WHAT THE EXERCISE ASKS:
Retype the listing below exactly, pictures removed.

DATA SHOWN:
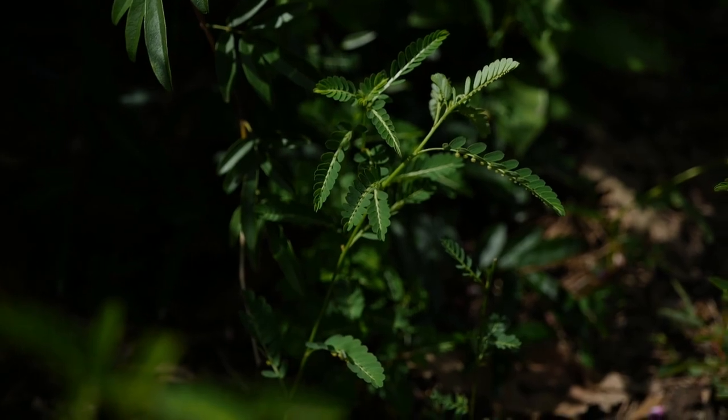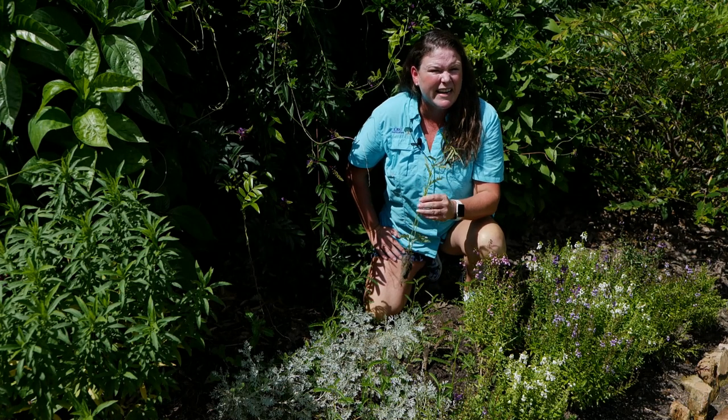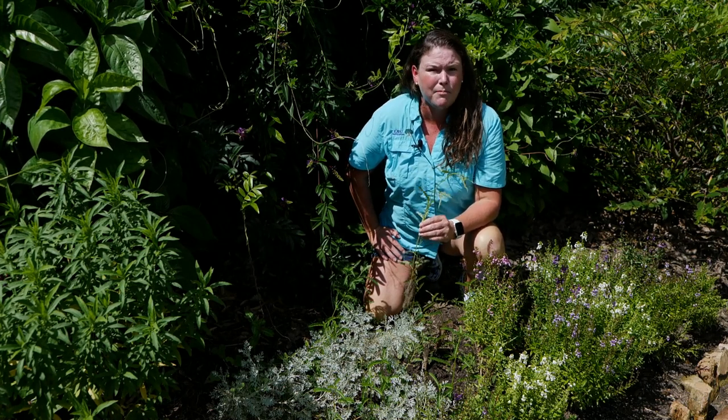These will die back in the frost of the winter. Chamber bitter — invasive weed — keep it under control. For Get It Growing, I'm Heather Kirk-Ballard with the LSU AgCenter.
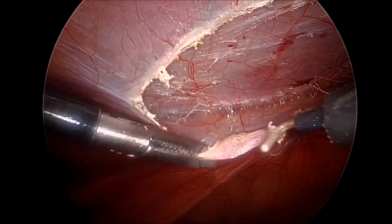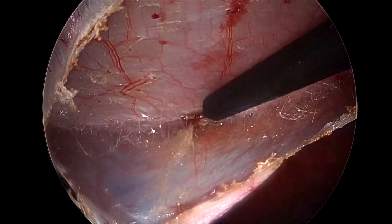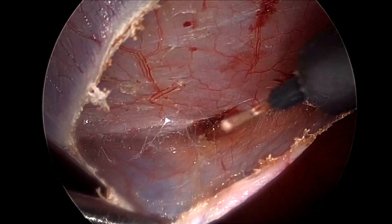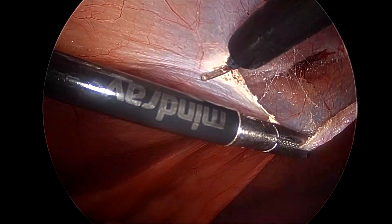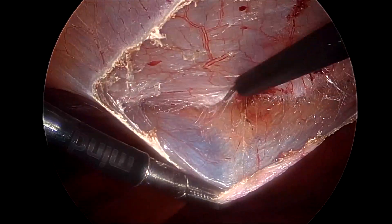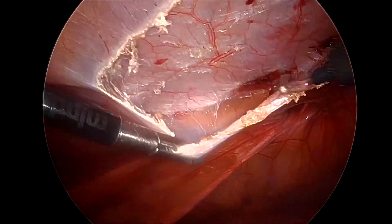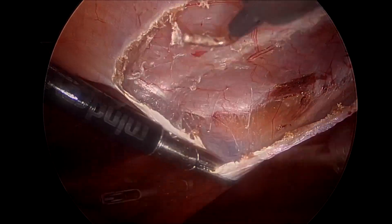In more difficult cases where you feel the peritoneum is super thin, a scissor can be used in place of a hook to do a better dissection. We try to keep the camera as close to the area of dissection as possible, so the camera person or assistant should be well trained and should understand the anatomy of the plane in which we are working.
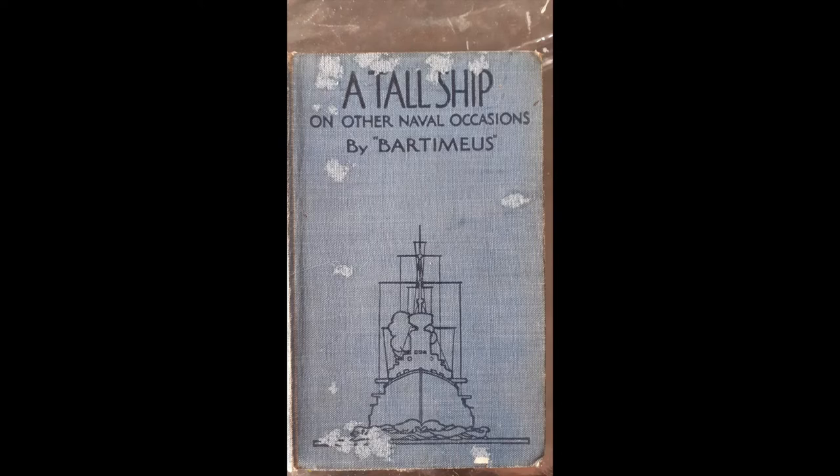Hello and welcome to my latest altered book project. This one's been made out of a vintage book called 'A Tall Ship'. I intend to make a series of quite short videos, about six or seven minutes long, showing pictures of what I did, my techniques, and my decisions, so you can see the finished page at the end. Do give me feedback on what you think about these videos.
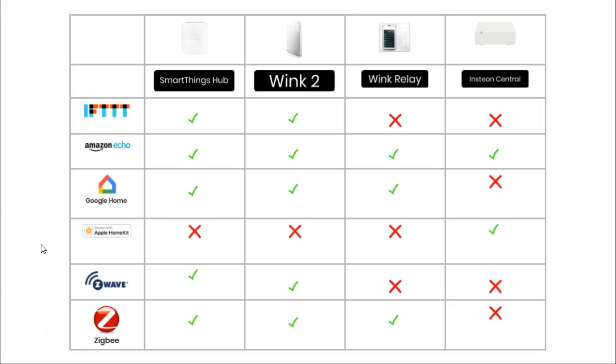Google Home is Google's equivalent to the Amazon Echo. The main difference is that Google Home is not quite as powerful as the Echo because it doesn't work with as many devices. Three of the hubs in this comparison work with Google Home: the SmartThings, Wink 2, and Wink Relay.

SOLUTION TO THE EXERCISE:
These will die back in the frost of the winter. Chamber bitter — invasive weed — keep it under control. For Get It Growing, I'm Heather Kirk-Ballard with the LSU AgCenter.
In more difficult cases where you feel the peritoneum is super thin, a scissor can be used in place of a hook to do a better dissection. We try to keep the camera as close to the area of dissection as possible, so the camera person or assistant should be well trained and should understand the anatomy of the plane in which we are working.
Hello and welcome to my latest altered book project. This one's been made out of a vintage book called 'A Tall Ship'. I intend to make a series of quite short videos, about six or seven minutes long, showing pictures of what I did, my techniques, and my decisions, so you can see the finished page at the end. Do give me feedback on what you think about these videos.
Google Home is Google's equivalent to the Amazon Echo. The main difference is that Google Home is not quite as powerful as the Echo because it doesn't work with as many devices. Three of the hubs in this comparison work with Google Home: the SmartThings, Wink 2, and Wink Relay.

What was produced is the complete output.